Import AI Issue 47: Facebook’s AI agents learn to lie, OpenAI and DeepMind use humans to train safe AI, and what TensorFlow’s new release says about future AI development

by Jack Clark

Facebook research: Misdirection for NLP fun and profit:
New research from Facebook shows how to teach two opposing agents to bargain with one another — and along the way they learn to deceive each other as well.
…”For the first time, we show it is possible to train end-to-end models for negotiation, which must learn both linguistic and reasoning skills with no annotated dialogue states. We also introduce dialogue rollouts, in which the model plans ahead by simulating possible complete continuations of the conversation, and find that this technique dramatically improves performance,” they write.

Images of the soon-to-be normal:
This photograph of a little food delivery robot blocking traffic is a herald of something that will likely become much more commonplace.

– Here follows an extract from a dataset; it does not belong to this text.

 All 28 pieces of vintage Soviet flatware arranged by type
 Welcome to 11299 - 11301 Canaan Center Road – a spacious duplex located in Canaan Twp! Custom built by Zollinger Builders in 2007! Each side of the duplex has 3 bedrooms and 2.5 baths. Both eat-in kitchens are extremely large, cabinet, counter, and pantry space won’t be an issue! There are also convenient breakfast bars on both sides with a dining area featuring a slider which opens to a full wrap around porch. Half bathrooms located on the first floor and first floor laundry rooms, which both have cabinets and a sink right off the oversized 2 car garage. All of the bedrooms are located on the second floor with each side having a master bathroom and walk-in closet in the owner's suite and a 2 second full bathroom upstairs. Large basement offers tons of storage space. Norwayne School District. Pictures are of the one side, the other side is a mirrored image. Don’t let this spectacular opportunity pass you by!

Predicting Uber rides with.. Wind speed, rider data, driver data, precipitation data, temperature, and more…
Uber has given details on the ways it is using recurrent neural networks (RNNs) to help it better predict demand for its services (and presumably cut its operating costs along the way).
…The company trained a model using five years of data from numerous US cities. The resulting RNN  has good predictive abilities when tested across a corpus of data consisting of trips taken across multiple US cities over the course of seven days before, during, and after major holidays like Christmas Day and New Year’s Day. (Though there are a couple of real-world spikes that seem so drastic its predictions low-ball them, suggesting it hasn’t seen enough of those incidents to recognize their warning indicators.)
…Uber’s new system is significantly better at dealing with spiky holiday days like Christmas Day and New Year, and it slightly improves accuracy on other days such as MLK Day and Independence Day.
…Components used: TensorFlow, Keras. Lots of computers.

Job alert!
The Berkman Klein Center for Internet & Society at Harvard University is seeking a project coordinator to help it with its work on AI, autonomous systems, and related technologies. Apply here. (Also, let’s appreciate the URL for this job and how weird it could have seemed to someone a hundred years ago – cyber.harvard.edu/…./AIjob )

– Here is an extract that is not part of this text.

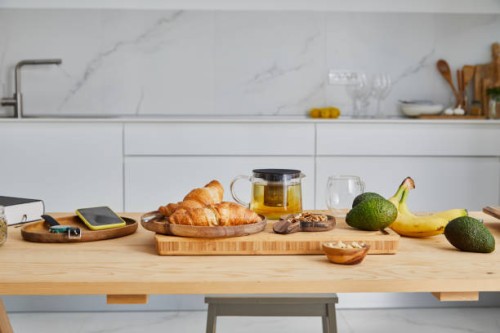 fresh croissants on the kitchen table - food stock pictures, royalty-free photos & images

AI video whiz moves from SF, USA, to Amsterdam, Netherlands. But why…?
…Siraj Ravel has moved from the US to Amsterdam for a change of scene. Now that he’s settled in he has started a new video course (available on YouTube) called The Math of Intelligence. Check it out.
…I asked Siraj what his impressions were of the AI community in Amsterdam and he said this (emphasis mine): “The AI community is absolutely thriving in Amsterdam, specifically the research portion. I’ve met more researchers at Meetups here than I have for years in SF. I also briefly visited Berlin and met some amazing data scientists there. The bigger trend is that governments in the EU (France, Netherlands, Germany) are heavily investing in tech R&D and the brightest minds are taking notice. I am the son of immigrants to the USA, but I am not afraid to myself immigrate if necessary. Progress can’t wait, and the Netherlands understands this.” Sounds nice, and the pancakes are great as well.

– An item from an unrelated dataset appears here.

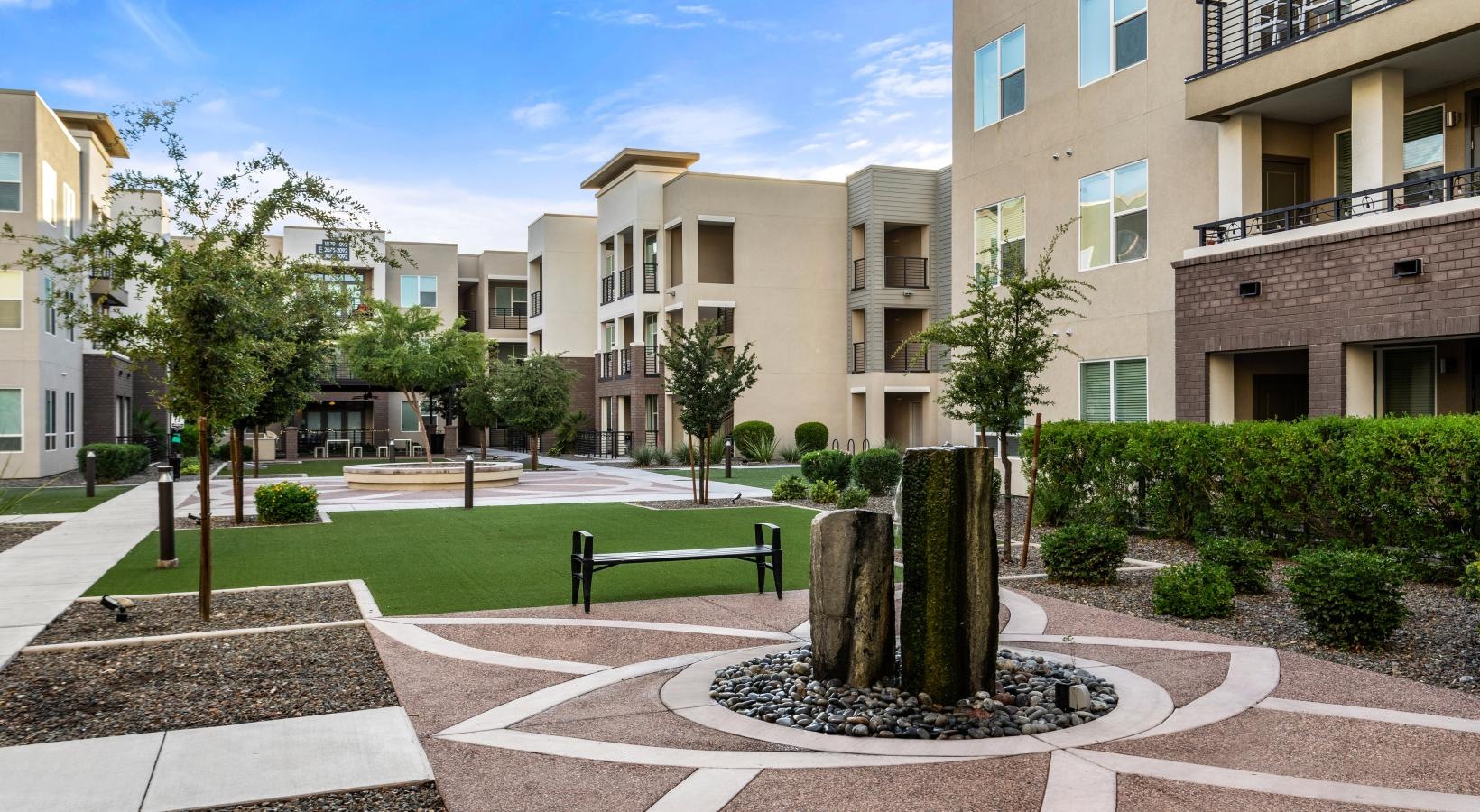Find your perfect fit at Harper a courtyard with trees and buildings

Googlers create a single multi-sensory network: One Model To Rule Them All.
Welcome to the era of giant frankenAIs:
… Researchers from Google have figured out how to bake knowledge about a broad spectrum of domains into a single neural network and then train it in an end-to-end way.
…”In particular, this single model is trained concurrently on ImageNet, multiple translation tasks, image captioning (COCO dataset), a speech recognition corpus, and an English parsing task. Our model architecture incorporates building blocks from multiple domains.,” they write. “The key to success comes from designing a multi-modal architecture in which as many parameters as possible are shared and from using computational blocks from different domains together. We believe that this treads a path towards interesting future work on more general deep learning architectures”.
..Prediction: As this kind of research becomes viable we’ll see people gather huge datasets and train single models together with a broad range of discriminative abilities. The next shoe to drop will be innovations in fundamental neural network building block components to create finer-grained classification and inference abilities in these neural network models and encourage more cases of transfer learning.
Notable: Others are thinking along similar lines – last week’s Import AI covered a new MIT research paper that blends sound and vision and text into a single meta-network. 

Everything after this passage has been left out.